* [EXERCISE DIRECTIONS] Copy, from the entries below, each line in which the string "Silver" appears.

***

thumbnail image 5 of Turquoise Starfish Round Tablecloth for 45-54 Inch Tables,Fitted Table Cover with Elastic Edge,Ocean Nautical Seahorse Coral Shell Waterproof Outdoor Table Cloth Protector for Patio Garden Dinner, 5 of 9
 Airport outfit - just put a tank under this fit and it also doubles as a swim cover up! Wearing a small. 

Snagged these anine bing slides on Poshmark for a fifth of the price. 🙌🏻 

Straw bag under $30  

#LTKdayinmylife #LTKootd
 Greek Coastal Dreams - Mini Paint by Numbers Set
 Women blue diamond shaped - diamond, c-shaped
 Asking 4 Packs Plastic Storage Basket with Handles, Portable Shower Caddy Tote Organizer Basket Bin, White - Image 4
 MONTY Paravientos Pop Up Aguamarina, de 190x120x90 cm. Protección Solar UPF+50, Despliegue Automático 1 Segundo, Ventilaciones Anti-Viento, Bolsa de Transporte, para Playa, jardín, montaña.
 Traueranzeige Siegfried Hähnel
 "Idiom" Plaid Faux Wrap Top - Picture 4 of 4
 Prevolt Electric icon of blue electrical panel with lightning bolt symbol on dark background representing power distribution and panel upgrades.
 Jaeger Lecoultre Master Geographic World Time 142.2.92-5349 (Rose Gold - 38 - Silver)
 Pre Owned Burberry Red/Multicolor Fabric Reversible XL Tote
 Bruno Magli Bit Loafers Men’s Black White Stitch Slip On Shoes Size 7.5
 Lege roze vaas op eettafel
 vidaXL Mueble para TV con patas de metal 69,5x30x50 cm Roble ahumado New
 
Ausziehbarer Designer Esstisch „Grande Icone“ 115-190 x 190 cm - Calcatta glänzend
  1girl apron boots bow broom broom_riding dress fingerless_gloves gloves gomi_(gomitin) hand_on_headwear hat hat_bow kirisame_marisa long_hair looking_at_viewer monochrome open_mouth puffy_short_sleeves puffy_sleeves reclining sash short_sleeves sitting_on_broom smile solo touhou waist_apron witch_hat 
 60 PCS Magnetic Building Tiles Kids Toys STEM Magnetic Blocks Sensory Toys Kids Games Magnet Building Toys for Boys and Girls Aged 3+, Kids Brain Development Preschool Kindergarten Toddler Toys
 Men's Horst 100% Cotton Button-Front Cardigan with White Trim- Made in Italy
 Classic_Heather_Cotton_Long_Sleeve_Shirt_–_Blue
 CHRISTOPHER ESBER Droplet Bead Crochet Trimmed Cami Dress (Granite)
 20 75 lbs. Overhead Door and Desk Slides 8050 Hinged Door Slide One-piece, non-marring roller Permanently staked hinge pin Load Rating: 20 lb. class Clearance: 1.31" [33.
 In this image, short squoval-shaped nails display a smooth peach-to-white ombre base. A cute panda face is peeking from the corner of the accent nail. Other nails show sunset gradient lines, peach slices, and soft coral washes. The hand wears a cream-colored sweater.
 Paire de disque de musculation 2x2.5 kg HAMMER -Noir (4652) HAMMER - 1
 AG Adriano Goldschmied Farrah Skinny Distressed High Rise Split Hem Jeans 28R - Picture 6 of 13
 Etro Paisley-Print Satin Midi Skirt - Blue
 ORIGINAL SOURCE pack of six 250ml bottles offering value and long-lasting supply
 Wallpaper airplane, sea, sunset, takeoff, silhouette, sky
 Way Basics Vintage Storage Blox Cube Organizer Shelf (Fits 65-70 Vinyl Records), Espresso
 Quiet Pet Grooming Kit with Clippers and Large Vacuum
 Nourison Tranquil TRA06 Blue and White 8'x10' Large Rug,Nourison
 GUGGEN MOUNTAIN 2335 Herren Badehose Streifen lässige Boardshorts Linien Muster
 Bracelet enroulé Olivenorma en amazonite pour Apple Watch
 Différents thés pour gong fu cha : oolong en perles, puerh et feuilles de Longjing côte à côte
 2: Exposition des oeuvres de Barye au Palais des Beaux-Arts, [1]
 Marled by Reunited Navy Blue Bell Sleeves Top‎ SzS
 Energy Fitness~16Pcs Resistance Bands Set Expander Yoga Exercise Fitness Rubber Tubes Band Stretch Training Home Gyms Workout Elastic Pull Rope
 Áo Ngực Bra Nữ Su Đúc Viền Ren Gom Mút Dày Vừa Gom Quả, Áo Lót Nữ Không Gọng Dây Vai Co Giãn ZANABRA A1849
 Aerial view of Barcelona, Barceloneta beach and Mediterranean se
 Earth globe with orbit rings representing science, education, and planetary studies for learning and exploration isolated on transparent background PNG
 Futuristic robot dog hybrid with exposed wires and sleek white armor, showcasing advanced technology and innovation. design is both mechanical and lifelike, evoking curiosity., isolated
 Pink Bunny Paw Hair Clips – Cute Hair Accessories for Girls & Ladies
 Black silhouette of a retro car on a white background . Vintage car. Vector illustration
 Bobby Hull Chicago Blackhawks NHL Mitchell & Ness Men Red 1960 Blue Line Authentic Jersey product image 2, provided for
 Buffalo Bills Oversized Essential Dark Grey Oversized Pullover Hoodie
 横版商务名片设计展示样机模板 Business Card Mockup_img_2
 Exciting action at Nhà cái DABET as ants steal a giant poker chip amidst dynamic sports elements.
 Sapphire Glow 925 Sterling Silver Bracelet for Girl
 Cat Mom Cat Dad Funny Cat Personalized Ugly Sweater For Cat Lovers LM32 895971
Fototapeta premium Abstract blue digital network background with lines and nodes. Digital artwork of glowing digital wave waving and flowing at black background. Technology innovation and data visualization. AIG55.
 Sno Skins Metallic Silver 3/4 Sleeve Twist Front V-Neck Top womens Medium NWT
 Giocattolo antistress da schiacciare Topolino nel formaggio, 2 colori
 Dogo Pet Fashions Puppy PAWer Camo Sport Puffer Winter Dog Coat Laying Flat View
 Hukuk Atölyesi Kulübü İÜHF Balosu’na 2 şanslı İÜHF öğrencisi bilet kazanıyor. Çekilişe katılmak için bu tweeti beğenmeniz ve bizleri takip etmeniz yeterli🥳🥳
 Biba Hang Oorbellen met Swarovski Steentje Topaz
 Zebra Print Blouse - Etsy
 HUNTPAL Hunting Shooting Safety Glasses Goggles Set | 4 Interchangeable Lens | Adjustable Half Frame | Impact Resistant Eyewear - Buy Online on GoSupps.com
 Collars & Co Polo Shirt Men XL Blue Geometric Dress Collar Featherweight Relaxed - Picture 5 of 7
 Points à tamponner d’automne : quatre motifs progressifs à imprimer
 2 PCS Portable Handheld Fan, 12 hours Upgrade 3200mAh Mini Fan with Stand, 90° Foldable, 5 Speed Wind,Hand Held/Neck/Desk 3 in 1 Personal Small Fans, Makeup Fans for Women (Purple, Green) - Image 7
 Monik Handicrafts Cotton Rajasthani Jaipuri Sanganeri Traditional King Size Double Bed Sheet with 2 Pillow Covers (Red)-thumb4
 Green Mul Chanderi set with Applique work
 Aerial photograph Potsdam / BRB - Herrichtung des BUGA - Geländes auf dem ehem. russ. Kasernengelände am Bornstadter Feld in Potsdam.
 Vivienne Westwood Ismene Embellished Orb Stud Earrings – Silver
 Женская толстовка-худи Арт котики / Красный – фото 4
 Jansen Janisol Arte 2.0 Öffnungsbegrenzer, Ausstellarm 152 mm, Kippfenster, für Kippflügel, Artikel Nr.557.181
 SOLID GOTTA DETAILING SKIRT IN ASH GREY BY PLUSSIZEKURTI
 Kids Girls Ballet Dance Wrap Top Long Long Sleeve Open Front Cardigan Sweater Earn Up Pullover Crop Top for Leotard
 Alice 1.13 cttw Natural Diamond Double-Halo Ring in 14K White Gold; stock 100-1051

***

* [EXERCISE OUTPUT]
 Jaeger Lecoultre Master Geographic World Time 142.2.92-5349 (Rose Gold - 38 - Silver)
 Sapphire Glow 925 Sterling Silver Bracelet for Girl
 Sno Skins Metallic Silver 3/4 Sleeve Twist Front V-Neck Top womens Medium NWT
 Vivienne Westwood Ismene Embellished Orb Stud Earrings – Silver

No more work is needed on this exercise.